### What is required
All records that follow are to be copied exactly, with images omitted.

### Records supplied

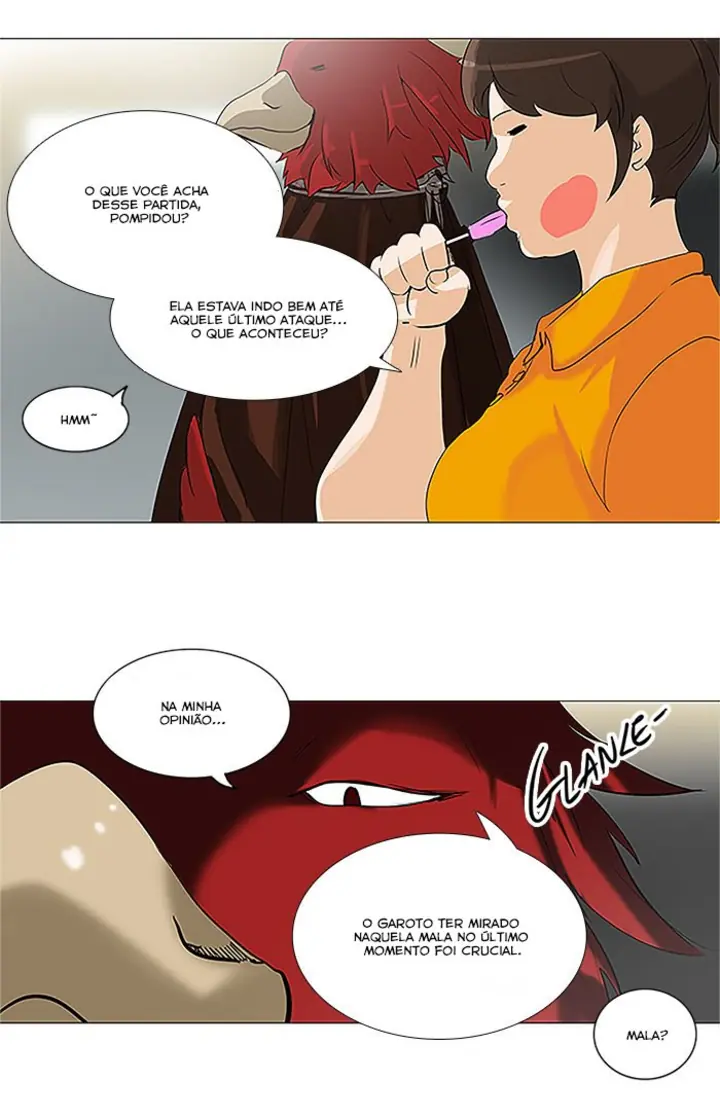 Read Tower of God PT Manga Online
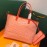Goyard New Medium Leather Shopping Bag Handbag For Women Pink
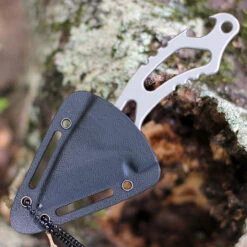 CIVIVI Kiri-Gray SS (1.80" SW 9Cr18MoV) C2001A 6 CIVIVI Kiri-Gray SS (1.80" SW 9Cr18MoV) C2001A -The Knife Shop C2001A 56077.1670960807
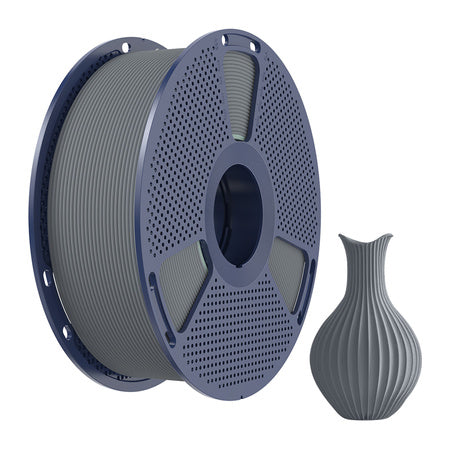Sunlu PLA филамент Classic Gray 1.75 мм 1 кг
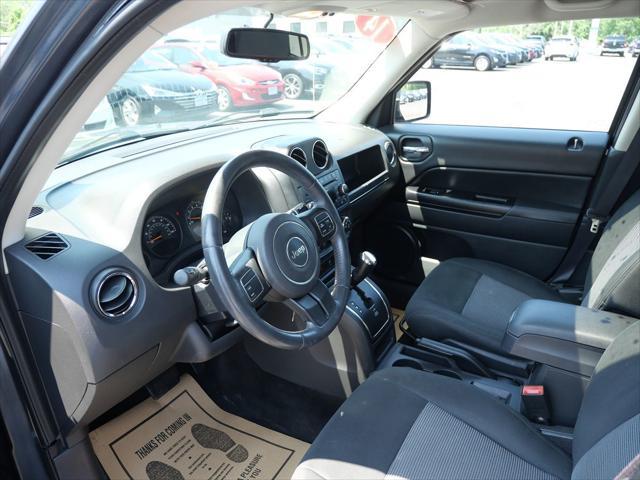 used 2014 Jeep Patriot car, priced at $9,995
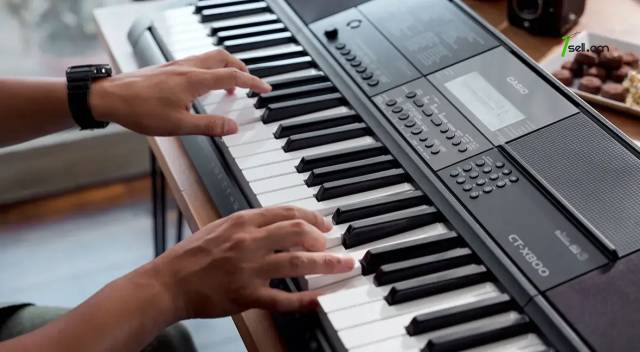 Casio CT-X800 սինթեզատոր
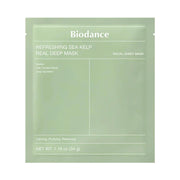 Biodance, Refreshing Sea Kelp, Renande, Ansiktsmask, För ansiktet, 34 g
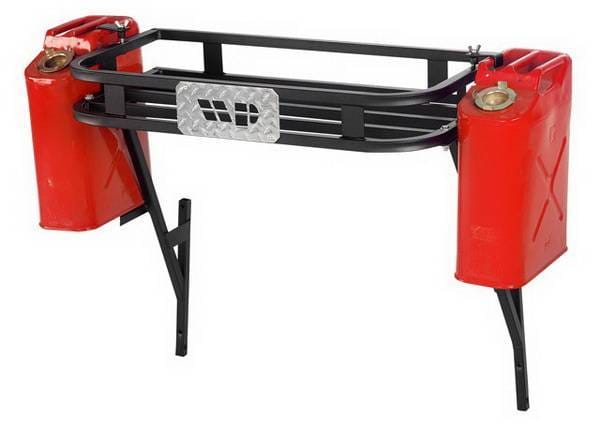 Jeep Wrangler Warrior Adventure Rack - 833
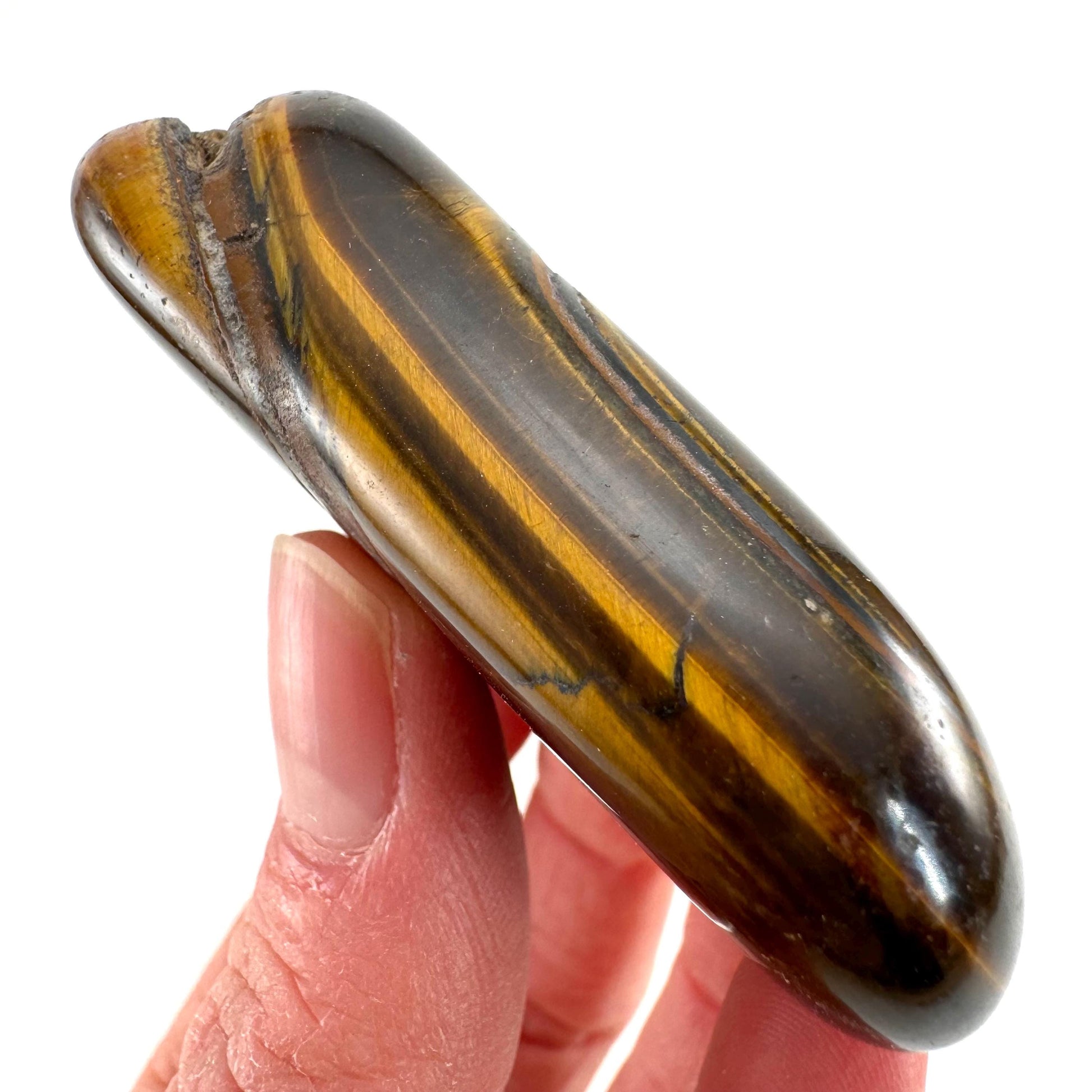 Tiger’s Eye, polished tigers eye, tigers eye Freeform, polished crystals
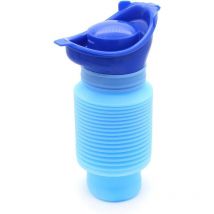Portable Petit Pot à Urine Toilettes Urinoir d'urgence pour Hommes Femme Enfant pour Urgences en Voiture - Lntyq
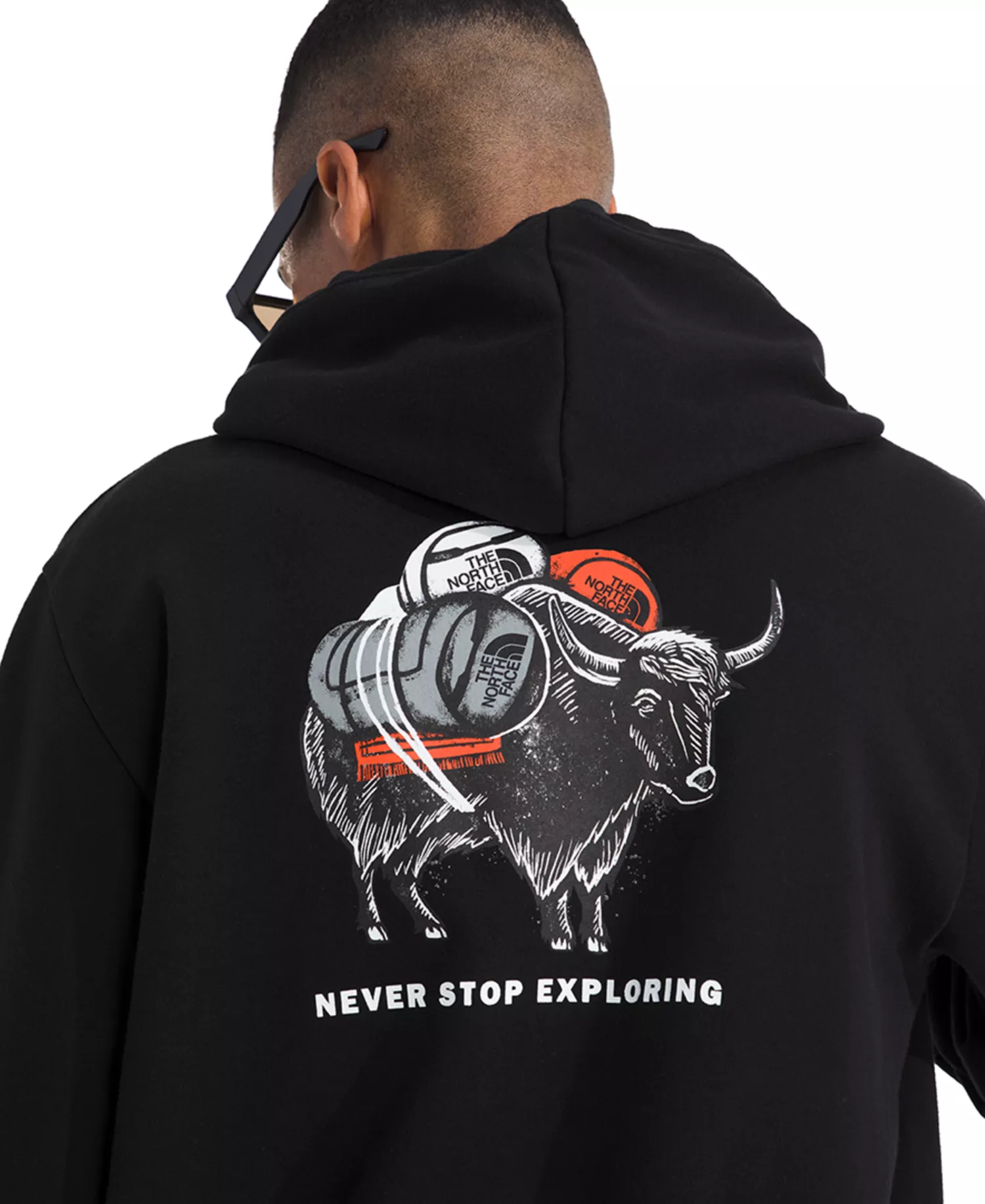 Men's Evolution Vault Tri Pack Graphic Hoodie - Black - L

### Response
 Read Tower of God PT Manga Online
Goyard New Medium Leather Shopping Bag Handbag For Women Pink
 CIVIVI Kiri-Gray SS (1.80" SW 9Cr18MoV) C2001A 6 CIVIVI Kiri-Gray SS (1.80" SW 9Cr18MoV) C2001A -The Knife Shop C2001A 56077.1670960807
Sunlu PLA филамент Classic Gray 1.75 мм 1 кг
 used 2014 Jeep Patriot car, priced at $9,995
 Casio CT-X800 սինթեզատոր
 Biodance, Refreshing Sea Kelp, Renande, Ansiktsmask, För ansiktet, 34 g
 Jeep Wrangler Warrior Adventure Rack - 833
 Tiger’s Eye, polished tigers eye, tigers eye Freeform, polished crystals
Portable Petit Pot à Urine Toilettes Urinoir d'urgence pour Hommes Femme Enfant pour Urgences en Voiture - Lntyq
 Men's Evolution Vault Tri Pack Graphic Hoodie - Black - L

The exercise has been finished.